Columbus' egg surrounded by comments

after, it seemed so simple.
the reason i've wrote time ago a new filter to kill comments-surrounded ads was to avoid scanning of a huge list every time <!-- was found in a web page.
as all of you have read following the previous three threads (the jor/jd one, the mine one and the sidki one, all posted in the spam blockers section), there are different approaches to kill this kind of nosey stuff. but i've not abandoned my initial idea, so the solution i propose now is really simple: use two different filters, the mine one and the sidki one, working in conjunction.

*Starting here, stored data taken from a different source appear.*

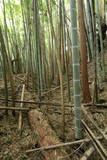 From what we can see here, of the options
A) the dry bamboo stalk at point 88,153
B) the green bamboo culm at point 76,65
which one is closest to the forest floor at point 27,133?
the dry bamboo stalk at point 88,153

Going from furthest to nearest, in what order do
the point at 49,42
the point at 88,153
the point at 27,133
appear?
the point at 49,42 → the point at 27,133 → the point at 88,153

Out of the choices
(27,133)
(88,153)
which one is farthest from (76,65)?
(27,133)

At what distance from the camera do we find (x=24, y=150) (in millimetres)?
1756

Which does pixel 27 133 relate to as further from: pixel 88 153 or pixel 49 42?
pixel 49 42

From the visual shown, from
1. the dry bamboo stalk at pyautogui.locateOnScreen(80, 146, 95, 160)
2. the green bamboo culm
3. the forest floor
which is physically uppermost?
the green bamboo culm

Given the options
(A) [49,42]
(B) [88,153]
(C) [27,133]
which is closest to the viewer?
(B) [88,153]

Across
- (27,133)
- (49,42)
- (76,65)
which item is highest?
(49,42)

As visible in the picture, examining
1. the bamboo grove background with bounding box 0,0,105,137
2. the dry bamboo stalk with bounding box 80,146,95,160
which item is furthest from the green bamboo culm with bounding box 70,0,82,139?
the dry bamboo stalk with bounding box 80,146,95,160

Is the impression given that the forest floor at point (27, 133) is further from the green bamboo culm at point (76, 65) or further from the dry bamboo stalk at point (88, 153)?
the green bamboo culm at point (76, 65)

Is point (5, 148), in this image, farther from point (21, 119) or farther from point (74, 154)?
point (74, 154)

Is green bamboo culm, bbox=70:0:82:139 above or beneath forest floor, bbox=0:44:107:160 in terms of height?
above

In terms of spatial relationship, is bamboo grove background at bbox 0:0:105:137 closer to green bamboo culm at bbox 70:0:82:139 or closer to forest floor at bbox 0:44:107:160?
green bamboo culm at bbox 70:0:82:139

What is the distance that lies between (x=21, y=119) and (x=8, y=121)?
171 millimetres

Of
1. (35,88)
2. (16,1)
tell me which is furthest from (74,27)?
(16,1) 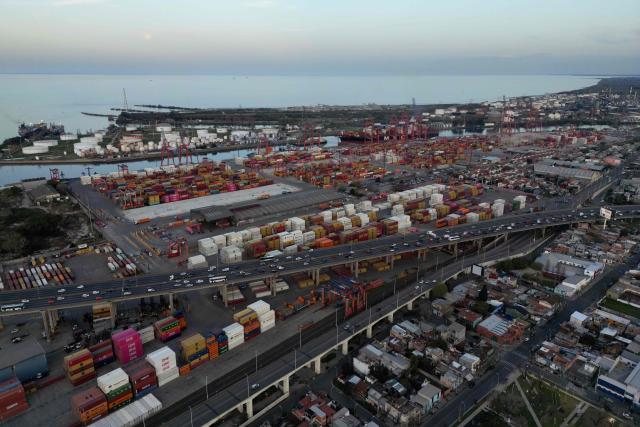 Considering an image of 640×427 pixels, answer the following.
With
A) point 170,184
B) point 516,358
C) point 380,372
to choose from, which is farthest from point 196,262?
point 170,184

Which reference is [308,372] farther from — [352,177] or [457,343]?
[352,177]

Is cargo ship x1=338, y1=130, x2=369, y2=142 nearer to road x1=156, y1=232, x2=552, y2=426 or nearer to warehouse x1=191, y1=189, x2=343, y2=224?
warehouse x1=191, y1=189, x2=343, y2=224

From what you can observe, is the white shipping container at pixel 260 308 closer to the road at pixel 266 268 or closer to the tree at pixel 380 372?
the road at pixel 266 268

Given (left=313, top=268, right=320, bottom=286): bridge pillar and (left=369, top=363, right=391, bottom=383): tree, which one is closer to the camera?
(left=369, top=363, right=391, bottom=383): tree

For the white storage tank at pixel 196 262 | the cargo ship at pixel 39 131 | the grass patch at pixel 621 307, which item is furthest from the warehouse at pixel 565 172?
the cargo ship at pixel 39 131

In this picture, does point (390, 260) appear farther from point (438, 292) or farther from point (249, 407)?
point (249, 407)

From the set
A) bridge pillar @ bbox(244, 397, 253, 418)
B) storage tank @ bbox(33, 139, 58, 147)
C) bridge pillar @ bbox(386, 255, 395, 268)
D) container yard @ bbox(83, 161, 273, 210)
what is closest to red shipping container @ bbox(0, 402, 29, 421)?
bridge pillar @ bbox(244, 397, 253, 418)

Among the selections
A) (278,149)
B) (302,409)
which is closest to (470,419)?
(302,409) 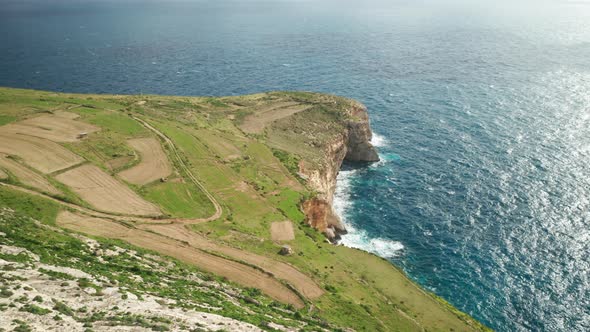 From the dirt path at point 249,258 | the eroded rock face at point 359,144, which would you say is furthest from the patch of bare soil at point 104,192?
the eroded rock face at point 359,144

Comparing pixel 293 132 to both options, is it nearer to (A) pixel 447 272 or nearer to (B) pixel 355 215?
(B) pixel 355 215

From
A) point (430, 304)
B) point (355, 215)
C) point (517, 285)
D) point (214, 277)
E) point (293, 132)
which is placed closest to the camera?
point (214, 277)

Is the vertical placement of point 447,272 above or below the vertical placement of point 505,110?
below

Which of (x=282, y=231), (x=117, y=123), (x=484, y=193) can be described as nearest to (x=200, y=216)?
(x=282, y=231)

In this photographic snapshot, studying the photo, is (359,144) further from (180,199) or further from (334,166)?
(180,199)

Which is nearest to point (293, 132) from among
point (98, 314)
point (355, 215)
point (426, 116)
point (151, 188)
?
point (355, 215)

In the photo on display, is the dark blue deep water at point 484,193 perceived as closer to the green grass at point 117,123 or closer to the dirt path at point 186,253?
the dirt path at point 186,253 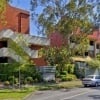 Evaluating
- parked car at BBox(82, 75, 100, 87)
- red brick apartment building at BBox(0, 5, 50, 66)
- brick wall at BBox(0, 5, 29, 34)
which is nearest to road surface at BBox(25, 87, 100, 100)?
parked car at BBox(82, 75, 100, 87)

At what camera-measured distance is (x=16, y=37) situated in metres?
53.6

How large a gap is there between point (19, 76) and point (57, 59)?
8718mm

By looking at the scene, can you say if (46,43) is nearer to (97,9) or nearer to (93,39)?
(97,9)

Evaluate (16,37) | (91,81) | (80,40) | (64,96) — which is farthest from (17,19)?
(64,96)

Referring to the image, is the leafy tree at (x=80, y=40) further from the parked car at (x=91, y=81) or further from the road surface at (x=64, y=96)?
the road surface at (x=64, y=96)

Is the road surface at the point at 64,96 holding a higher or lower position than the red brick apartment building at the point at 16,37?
lower

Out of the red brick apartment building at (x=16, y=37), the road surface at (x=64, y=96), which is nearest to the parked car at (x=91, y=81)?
the red brick apartment building at (x=16, y=37)

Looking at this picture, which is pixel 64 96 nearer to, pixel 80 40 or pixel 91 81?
pixel 91 81

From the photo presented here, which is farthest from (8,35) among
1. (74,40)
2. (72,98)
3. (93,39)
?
(93,39)

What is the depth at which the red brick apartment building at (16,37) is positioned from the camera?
54.0 m

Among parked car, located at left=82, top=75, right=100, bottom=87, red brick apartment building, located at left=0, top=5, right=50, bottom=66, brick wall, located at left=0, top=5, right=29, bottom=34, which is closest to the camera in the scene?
parked car, located at left=82, top=75, right=100, bottom=87

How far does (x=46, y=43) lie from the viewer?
202 ft

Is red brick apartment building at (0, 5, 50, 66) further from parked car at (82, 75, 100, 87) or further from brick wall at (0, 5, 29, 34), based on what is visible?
parked car at (82, 75, 100, 87)

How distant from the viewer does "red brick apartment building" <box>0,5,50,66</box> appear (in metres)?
54.0
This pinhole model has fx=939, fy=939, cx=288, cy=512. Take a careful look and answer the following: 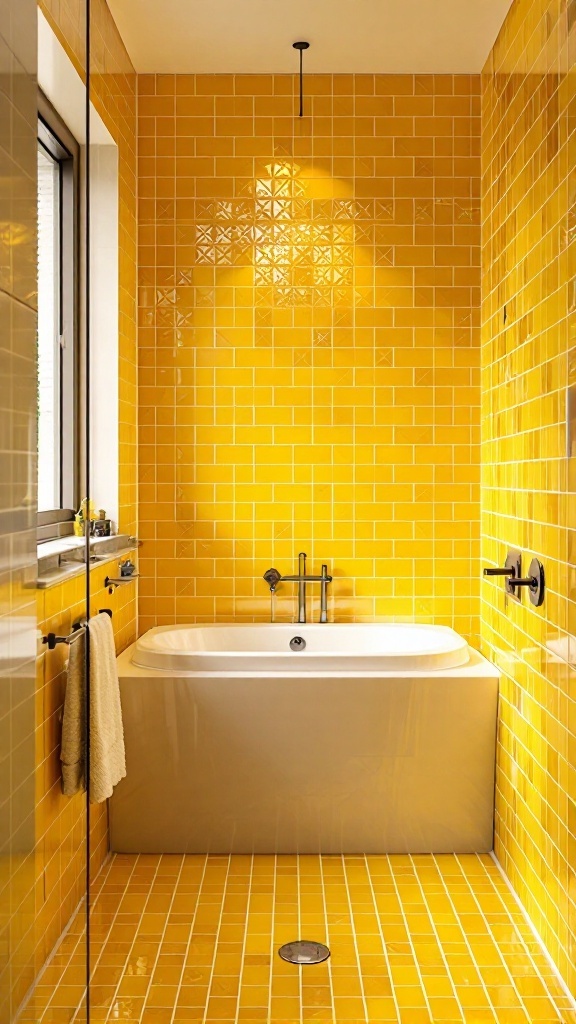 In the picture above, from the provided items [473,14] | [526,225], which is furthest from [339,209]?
[526,225]

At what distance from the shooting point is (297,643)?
414 cm

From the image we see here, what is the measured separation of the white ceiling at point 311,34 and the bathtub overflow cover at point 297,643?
8.18ft

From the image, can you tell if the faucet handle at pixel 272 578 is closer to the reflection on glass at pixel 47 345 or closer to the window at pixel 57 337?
the window at pixel 57 337

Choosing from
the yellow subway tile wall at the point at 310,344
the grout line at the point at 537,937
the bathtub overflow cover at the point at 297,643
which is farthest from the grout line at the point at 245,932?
the yellow subway tile wall at the point at 310,344

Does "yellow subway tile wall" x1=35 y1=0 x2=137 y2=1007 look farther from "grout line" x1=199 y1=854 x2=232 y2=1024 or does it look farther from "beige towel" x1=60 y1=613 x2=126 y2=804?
"grout line" x1=199 y1=854 x2=232 y2=1024

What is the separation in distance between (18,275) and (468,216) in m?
3.54

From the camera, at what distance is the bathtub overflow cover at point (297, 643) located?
4.14 m

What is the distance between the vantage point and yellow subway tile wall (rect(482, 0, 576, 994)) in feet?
8.38

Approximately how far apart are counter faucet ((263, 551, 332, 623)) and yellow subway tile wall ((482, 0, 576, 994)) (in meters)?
0.70

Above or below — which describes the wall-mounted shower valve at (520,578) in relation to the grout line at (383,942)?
above

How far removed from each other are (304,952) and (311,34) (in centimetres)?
337

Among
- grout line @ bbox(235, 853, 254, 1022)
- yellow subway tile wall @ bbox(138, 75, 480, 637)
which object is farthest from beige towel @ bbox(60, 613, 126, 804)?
yellow subway tile wall @ bbox(138, 75, 480, 637)

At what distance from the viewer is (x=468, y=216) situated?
4.18 meters

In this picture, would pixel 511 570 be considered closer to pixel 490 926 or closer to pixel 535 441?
pixel 535 441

you will better understand the idea reading the filters:
Name = "Kill Comments-surrounded Ads [vm]"
Active = TRUE
URL = "$TYPE(htm)"
Limit = 12000
Match = "<!-- (auto|begin|start) $LST(AdComments)"
Replace = "<span style=display:none;>[Killed Comments-surrounded Ads]</span>"
Name = "Remove Comment-Block Ads [sidki]"
Active = TRUE
URL = "$TYPE(htm)"
Limit = 12000
Match = "<!--[^>]++{0,30}$LST(AdCommentPairs)"
Replace = "<span style=display:none;>[Killed Comments-surrounded Ads]</span>"
when an opening <!-- is found, my filter is scanned first, but it calls the AdComments.txt list ONLY if auto, begin or start match, so ONLY when they match the list is scanned, otherwise it is skipped. this requires to check only 3 keywords and not the huge AdComments.txt.
when a comment not starting with auto, begin or start is found, the AdCommentPairs.txt list is scanned, but no duped comments are contained in the second list so the number of lines of code to scan is dramatically reduced using two different lists.
the only case where both lists are scanned is when a comment starting with auto, begin or start is found and it is not contained in the first list. but if you find a new comment, simply add it to the right list. on the other hand these two lists, if merged, are equal to the one used now by sidki filter, so this apparent problem is caused ONLY by the missing entry.
also, i use a trick to skip both lists on false matches. to use this trick you too, add this line to your managedtags.txt list:
<!-- (begin|open|start) (left|right|head|footer|main|menu|javascript) (^ad)$SET(1= )
and now here are the lists as they are at this time (these are more updated than the sidki one posted in the other thread):
----------------AdComments.txt begin----------------------
# Proxomitron4 URL killfile: $LST(AdComments)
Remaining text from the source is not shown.